__ACTIVITY__. Reproduce the records exactly, but not the pictures.

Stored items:
--------------------

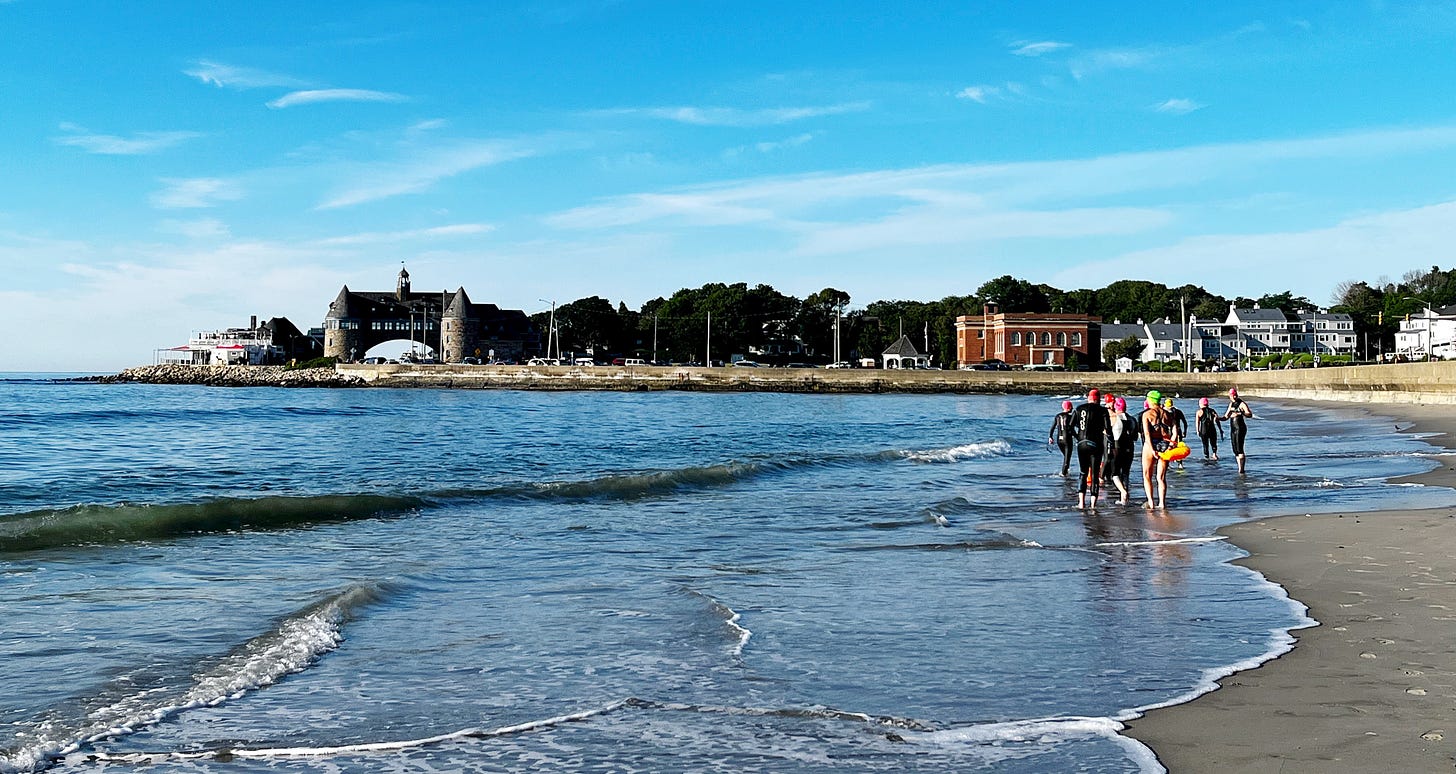 a group of swimmers, some in wetsuits, at the waters edge with the town in the background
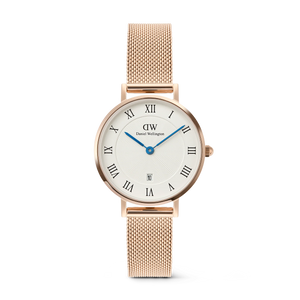Petite Roman Numerals Date Rose Gold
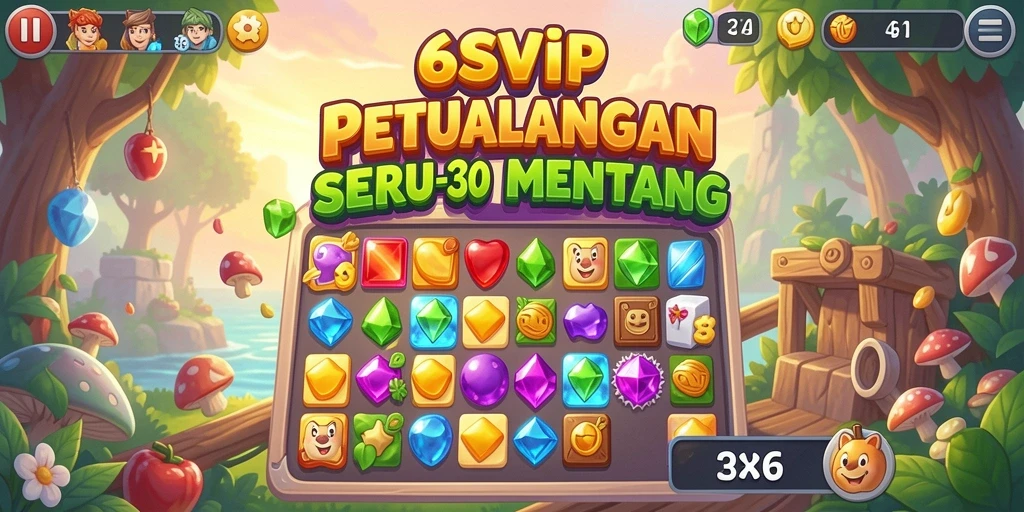 Gameplay seru Match-3 yang penuh warna dan tantangan.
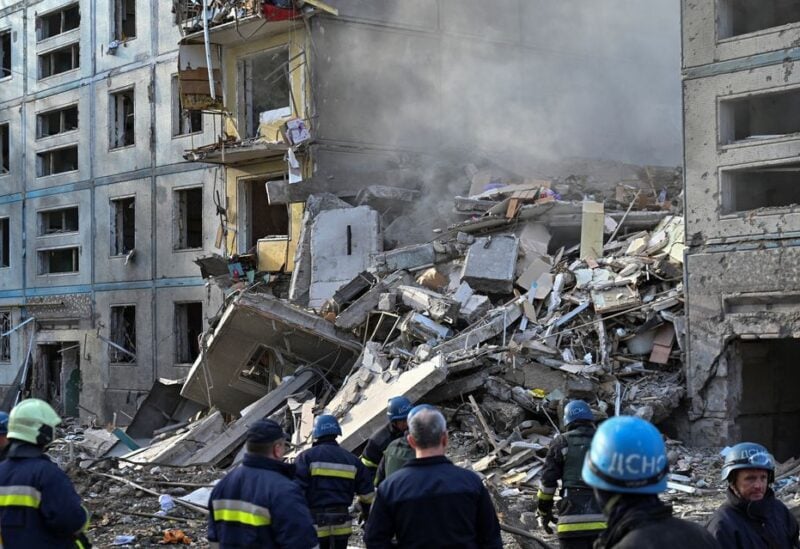 A view shows a residential building heavily damaged by a Russian missile strike, amid Russia's attack on Ukraine, in Zaporizhzhia, Ukraine October 9, 2022. REUTERS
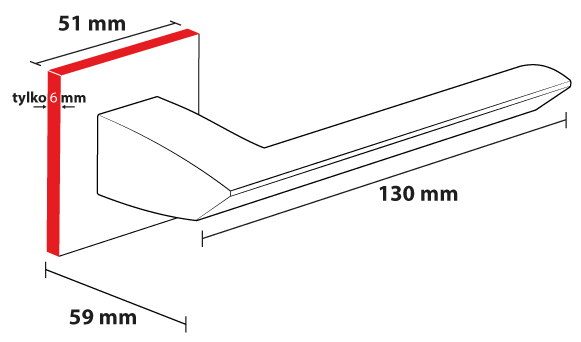 Maner usa de interior, QUANTA FIT, negru mat, cu rozeta cilindru/butuc [5]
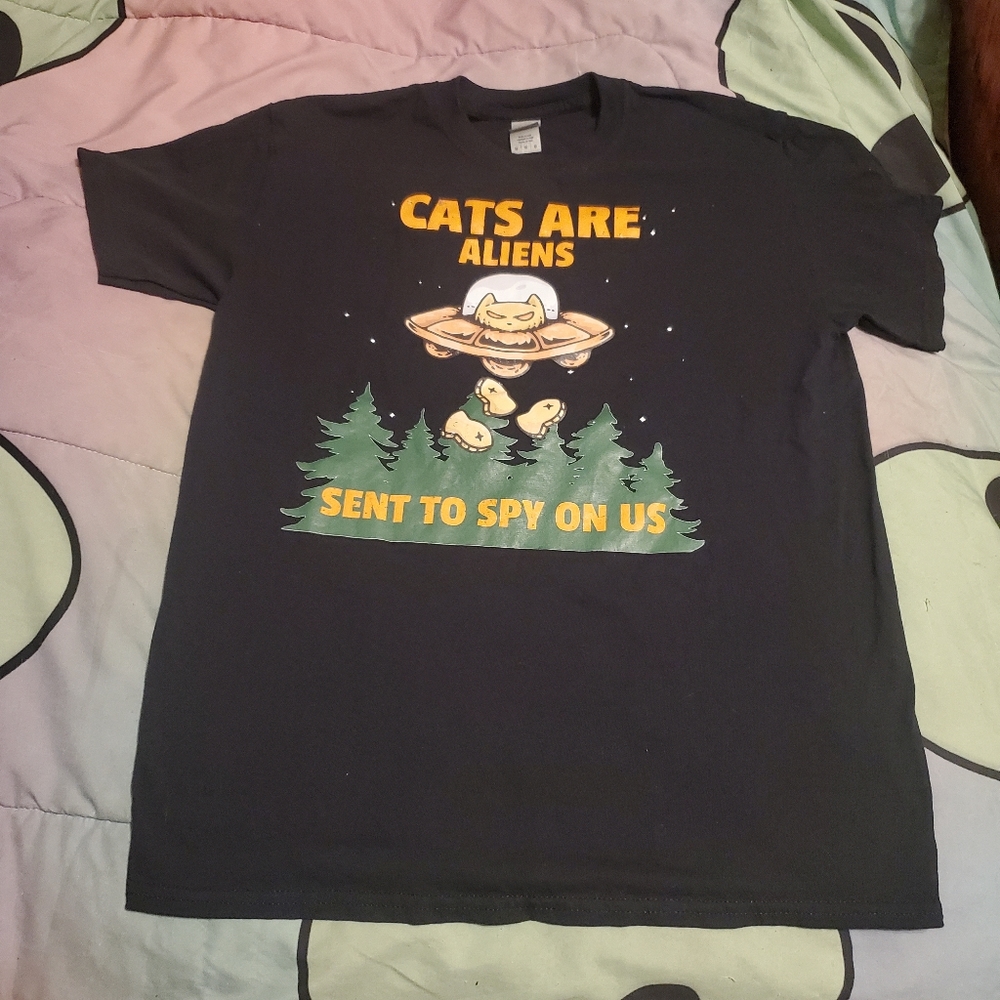 Cat alien UFO shirt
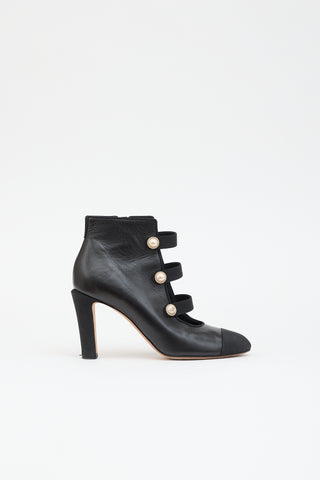Chanel Leather CC Ankle Boot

--------------------

__EXERCISE SOLUTION__.
 a group of swimmers, some in wetsuits, at the waters edge with the town in the background
Petite Roman Numerals Date Rose Gold
 Gameplay seru Match-3 yang penuh warna dan tantangan.
 A view shows a residential building heavily damaged by a Russian missile strike, amid Russia's attack on Ukraine, in Zaporizhzhia, Ukraine October 9, 2022. REUTERS
 Maner usa de interior, QUANTA FIT, negru mat, cu rozeta cilindru/butuc [5]
 Cat alien UFO shirt
Chanel Leather CC Ankle Boot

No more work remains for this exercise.